Let's look at our example on Academic Physician Salaries from 2012.

This was the salary survey of academic physicians intended to

estimate the difference between male and female academic physicians.

So what they initially report in their results was the mean salary

within the cohort overall was $167,669 per year for

females and 200,443, $433 per year for males.

But this comparison here,

these two means are not taking any other factors into account.

So this difference here, the unadjusted difference in male and

females now is on the order of nearly $33,000 per year.

At $200,433 minus the $167,669.

But what the authors go on to say is that male salary was asso,

still associated with higher salary on the order of $13,399 per year different

than females after adjustment for specialty academic rank.

Leadership positions.

Publication and research time.

So what they're saying here is that there are a lot of other factors that may be

potentially be related to being female.

And the salaries and they wanted to remove the impact of those and see if there was

still a clear difference between the salaries between females and males.

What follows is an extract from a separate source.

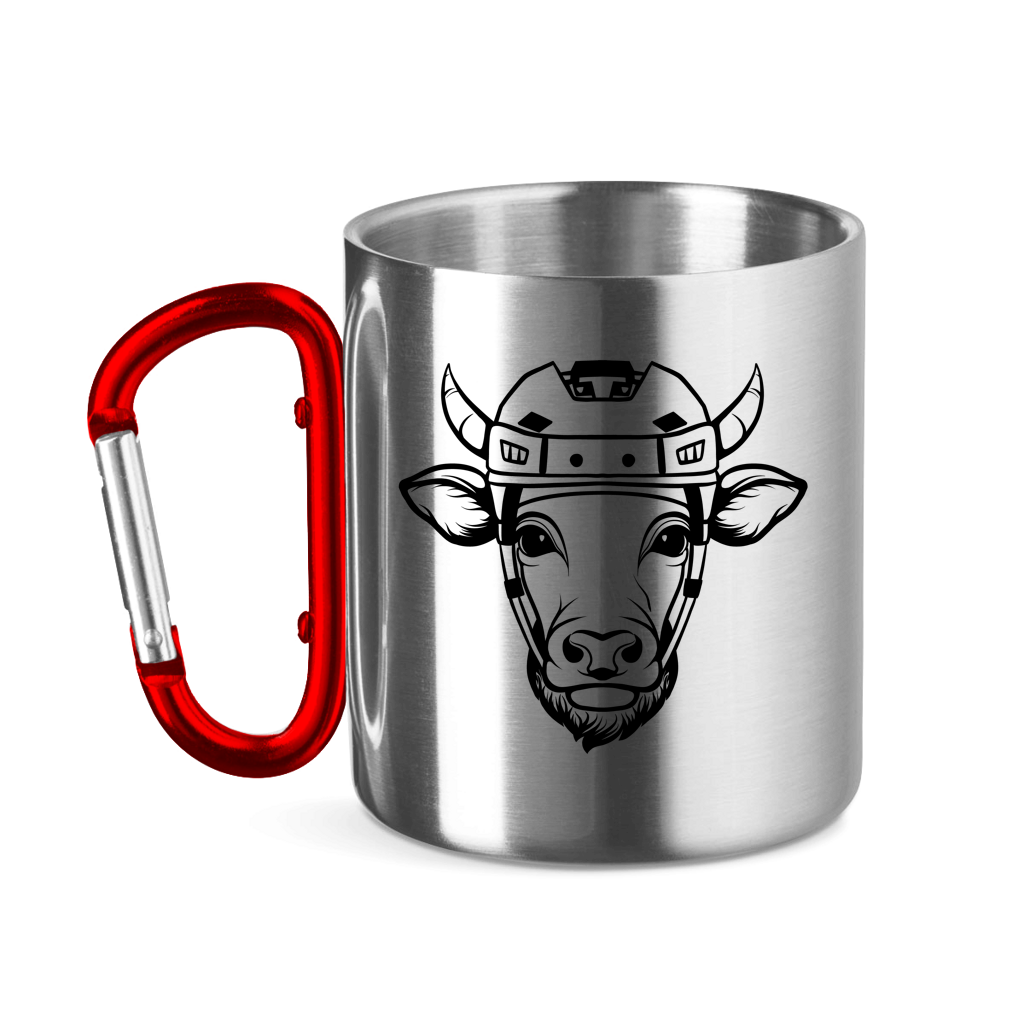 Edelstahltasse mit Karabinergriff HOCKEYKUH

So what we see here is that if we look at the unadjusted difference,

the one that compares all males to all females this difference is $32,600,

700, $32,764 and there's a confidence interval for that reporting the article.

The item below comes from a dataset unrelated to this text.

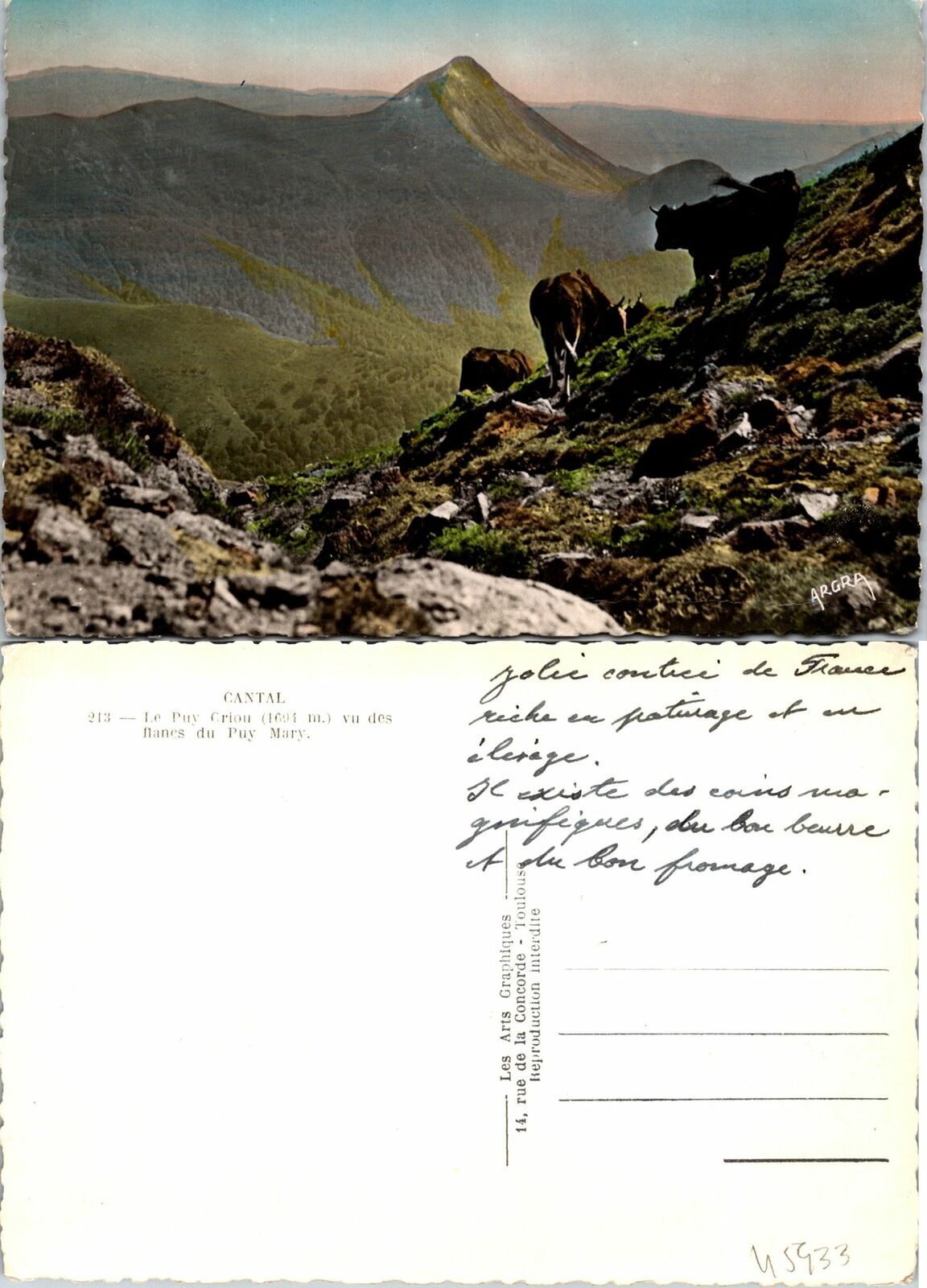 Cantal France Puy Mary Postcard Unused (45933)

But after adjustment for all these other things,

the adjusted one, it was $13,399 per year.

And so it appears that there was some confounding a lot,

perhaps by these other factors.

But it didn't change the fact that males made a lot more on average than females.

It's just not so much as initially estimated after the comparisons, but

just for these other things.

So again, this mean difference compares the salaries for

all males to all females in the sample.

This estimates, the comparison between males and

females of the same specialty academic rank,

leadership position, number of publications and amount of research time.

So the only difference in those measurements between these two

groups is their sex.

Everything else has been equalized.

So if we were to regress based on the results here,

salaries on sex the, the unadjusted slope for sex would be $32,764.

This compares all males in the sample to all females,

regardless of those other things.

This next comparison, which is an adjusted linear regression slope comparing

males to females is $13,399 per year from males compared to females.

This is a much more specific comparison that compares males to females of the same

level of the factors for adjustment, the same specialty, the same academic rank.

The same number of leadership positions,

the same number of publications in the same amount of research time.

And the findings were here.

Obviously, the difference attenuated by a fair amount.

So there's evidence of confounding.

But it didn't disappear and I didn't put confidence limits on this, but

it's statistically significant.

It did not disappear after adjusting for these other things and

there was still a sizable difference in annual salaries, even after

removing the differing distributions of these things between males and females.

So in summary, adjustment is a method for making comparable comparisons between

groups in the presence of a confounder or confounding variables.

The group comparisons made by adjusted associations are more specific than

those made by the unadjusted or crude associations.

In comparing and contrasting crude unadjusted association estimates is

useful for identifying confounding and

potential confounders based on the results after adjustment.

In the next section, we'll talk briefly about the basics of mechanics and

set ourselves up for further explanation when we get into multiple regression.